A primer for executing a succession plan

(While the article addresses investment advisers, the principles apply to any service business. DMW)

'Dearth of talent' in the business makes finding a successor difficult for retiring advisers

InvestmentNews

By Beverly D. Flaxington September 28, 2008

Many advisers are in their 50s or 60s, and they are thinking about retirement. ...

An adviser might consider selling the business or look for an opportunity to affiliate with a larger firm and stay involved in the business.

Another alternative is the adviser selects a successor, ...

Let's face it, an adviser with a thriving business who wants to transition out of a practice has worked hard to develop relationships that are based on trust and performance, probably in that order. The clients — and the firm — matter.

The practice could have the owner's name on the sign, and is the "baby" that the adviser has nurtured for years, making the decision to leave difficult.

The transition process is difficult. Taking the time to consider what constitutes success in this process is done infrequently. ...

It is important for a person facing a transition — or considering one — to ask, "Am I ready to do this? Why am I doing this and how motivated am I to make this work?" If there is any hesitation, the adviser will not be open enough to alternatives.

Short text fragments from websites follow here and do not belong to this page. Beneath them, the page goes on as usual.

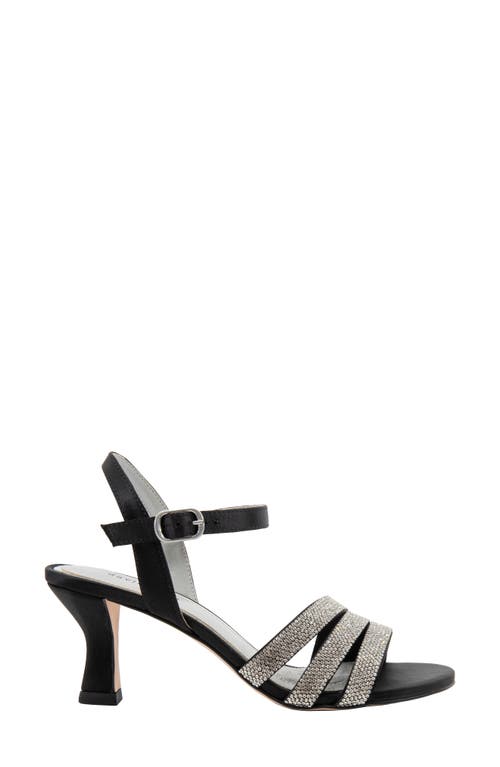 David Tate Trio Evening Sandal In Black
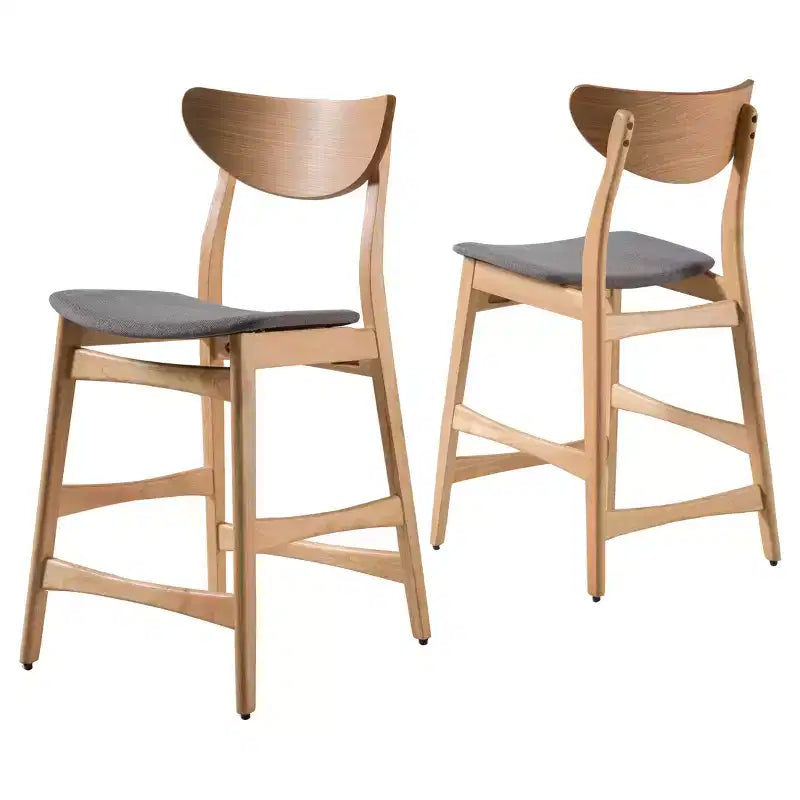 Lot de 2 tabourets de bar Gavin Natural Frame hauteur comptoir - Christopher Knight Home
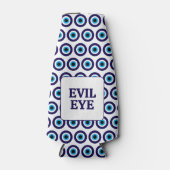 Evil Eye Blue Mati drucken Sonderbierflasche coole Flaschenkühler (Vorderseite)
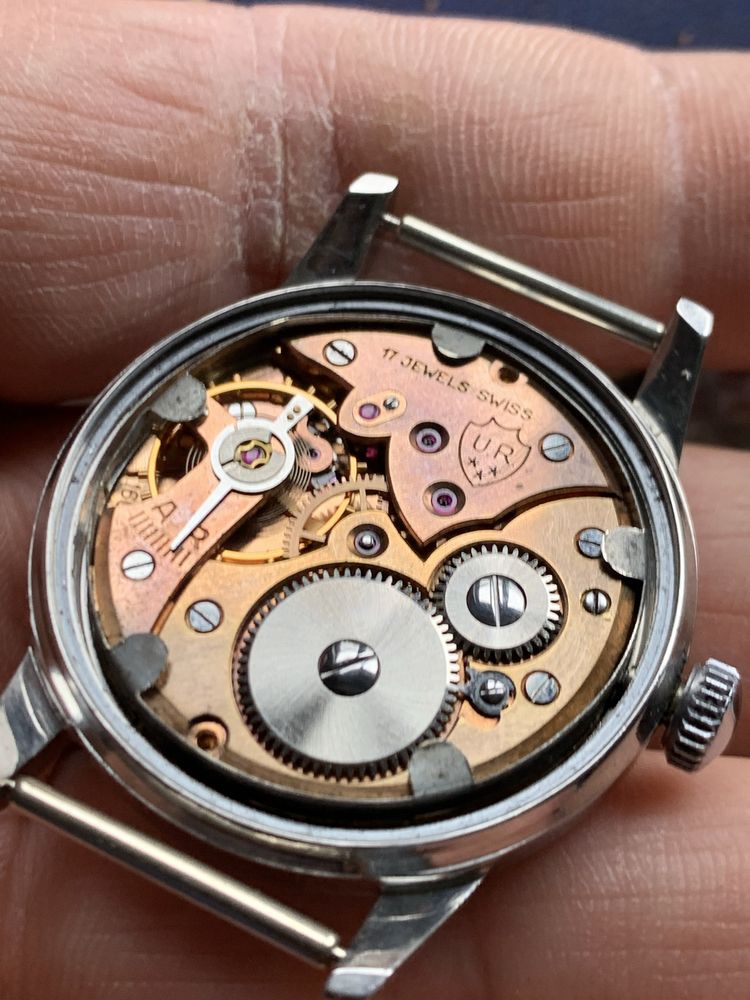 Zegarek Nivada Compensamatic stal  35mm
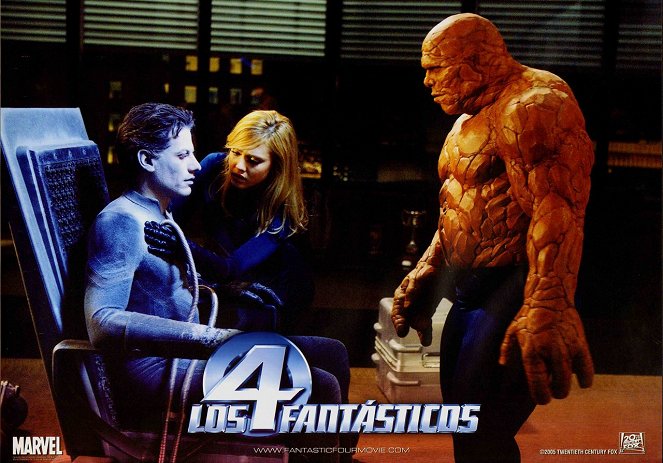 Fantastic Four - Lobbykarten - Ioan Gruffudd, Jessica Alba, Michael Chiklis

During the process, it is important to set priorities for the transition, with an emphasis on what matters most. ...

Taking the time to plan the priorities, to write the goals and to articulate them to a successor will help ensure the success of the transition.

Many times an adviser will set the priority as "cashing out" or "getting the most value from my firm." These are fine goals, but to achieve them requires a well-developed plan and a method of measuring success.

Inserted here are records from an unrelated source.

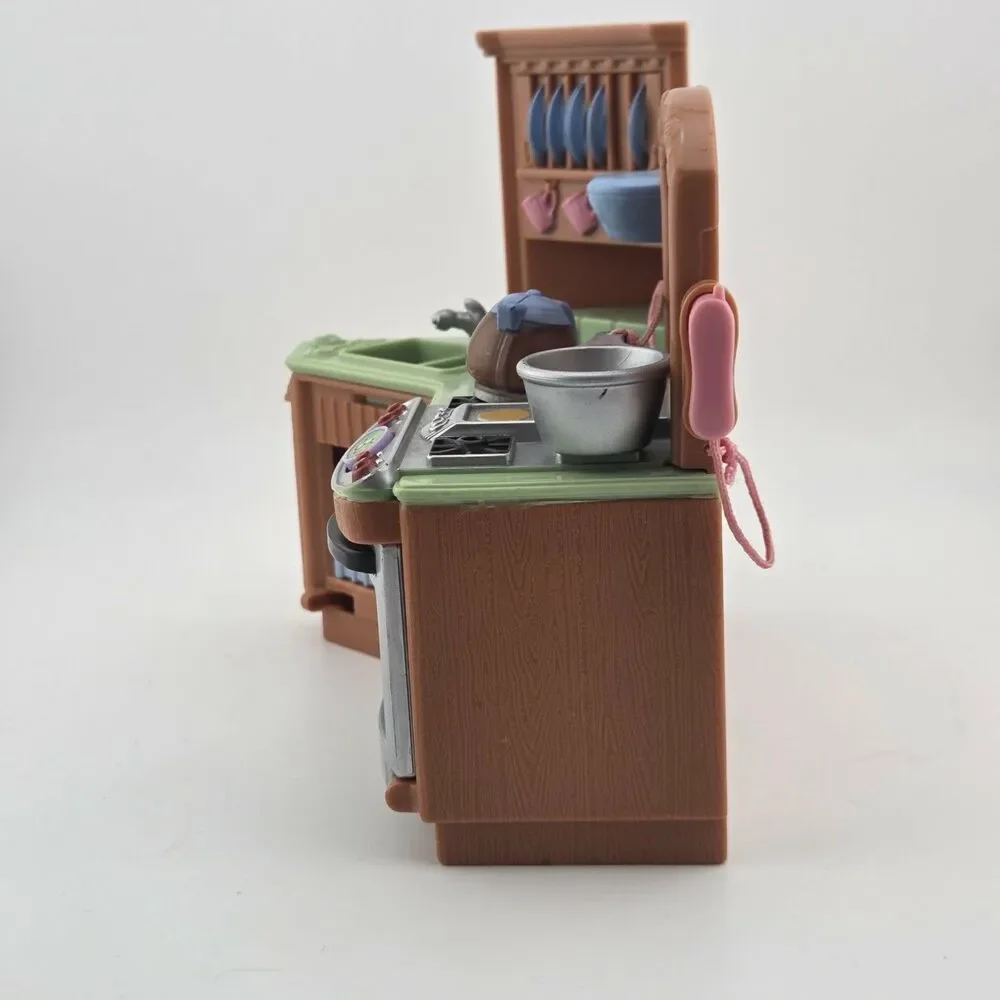 Fisher Price Fun Sounds Kitchen 2003 Toy Play Set Stove Sink Pretend (read)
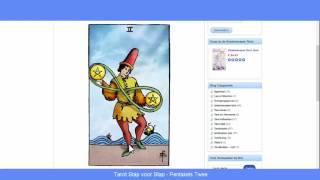 Pentakels Twee  Tarot Stap Voor Stap [upl. by Emylee]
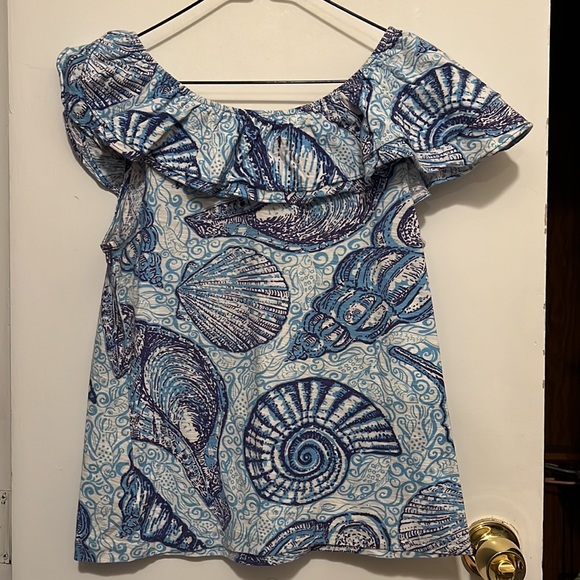 Lilly Pulitzer Stuffed Shells Printed Tank Top - Picture 4 of 4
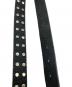 中古・古着 Hysteric Glamour (ヒステリックグラマー) レザーベルト ブラック：8000円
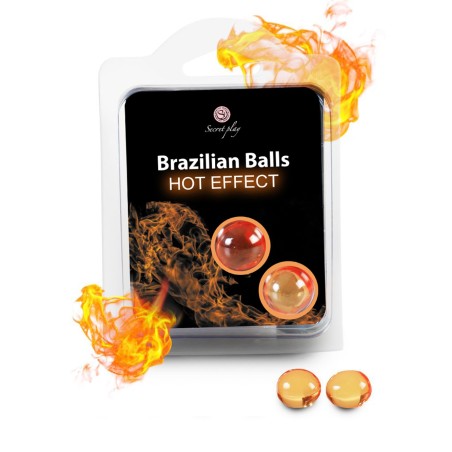 Boules de massage Brésiliennes effet chaleur 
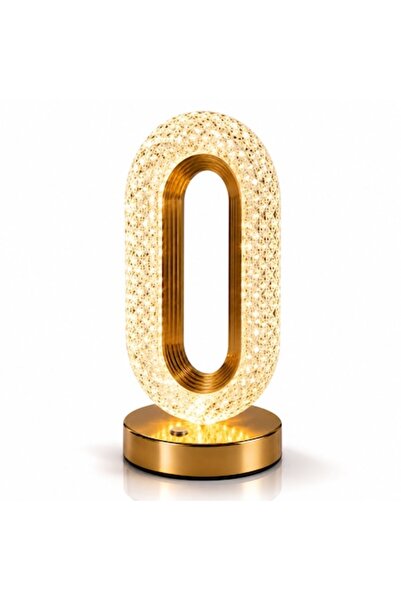 Generic Lampă de masă LED din cristal, Design oval elegant, 3 moduri de ilumi...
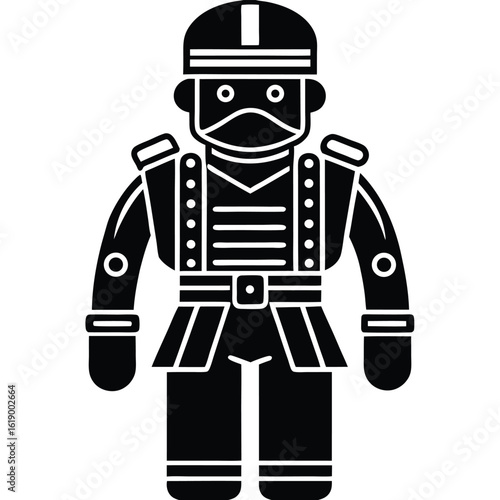 toy soldier vector icon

An adviser needs to consider what he or she is willing to give up to a successor, and the changes he or she is willing for a successor to make to the firm. Surely, a successor will want to put his or her stamp on the business.

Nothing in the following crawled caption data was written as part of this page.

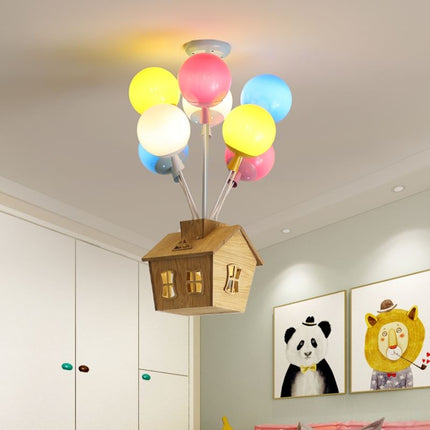 6 Heads Modern Led Fly House Ceiling Pendant Light Decorative Lighting for Kids Room(Warm White)-garmade.com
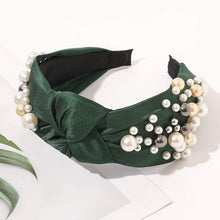 将图片加载到图库查看器，Fashion Pearl Knotted Headbands for Women - Wide No Slip Diademas Para Mujer De Moda 2025 Head Bands Large Accessories Gift for Girl - Ivyu Beauty
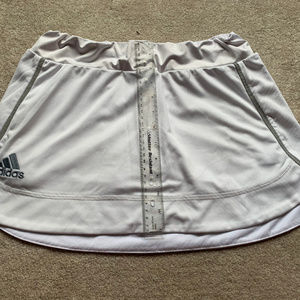 White Medium Adidas Golf Skirt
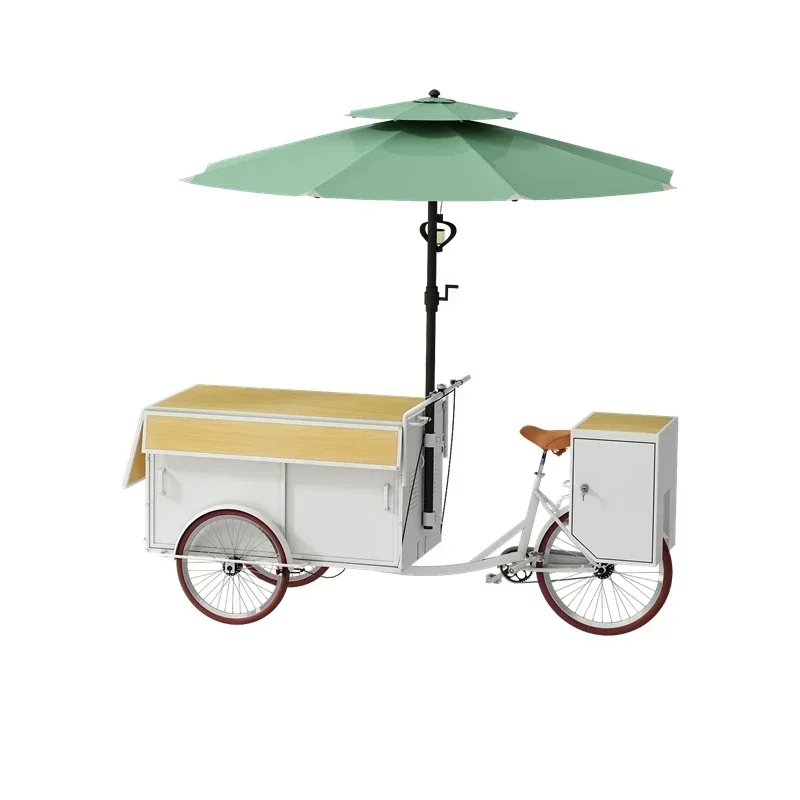 TTHH Centro comerciales, café, puestos de mercado, comidas gourmet, puestos callejeros, promociones de carritos de empuje, móvil de hierro forjado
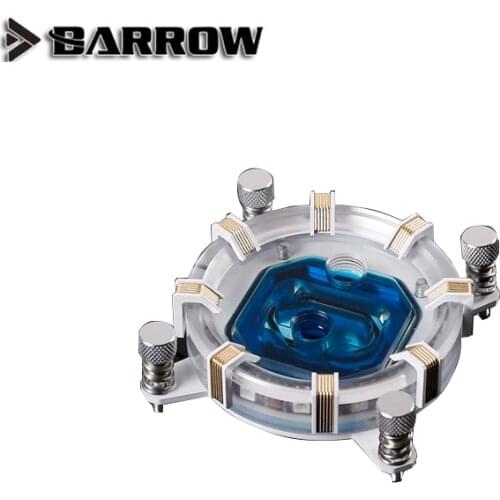 Barrow CPU water block For AMD/ Intel Socket LGA115X /X99 X299 5V ARGB 3PIN MOBO AURA SYNC Limited Edition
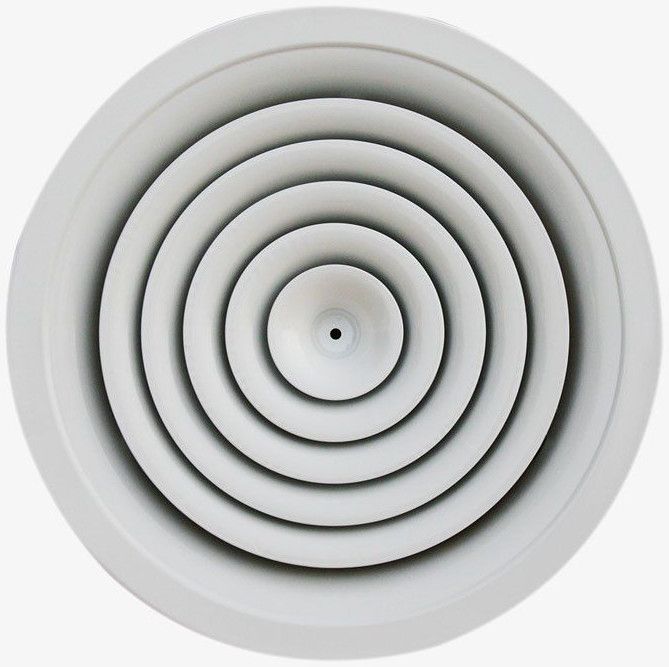 Powder Coated Round Ceiling Diffuser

The process of finding someone should also include identifying the qualifications, and most importantly, making certain the cultural fit between the firm and the successor is a good one. ...

Last, the process must include bringing the clients into the fold — not "announcing" a transition once it happens, but rather implementing a process so the transition is smooth and easy.

In addition, set checkpoints once you have prioritized and worked with the successor to measure what is working and what is not. ...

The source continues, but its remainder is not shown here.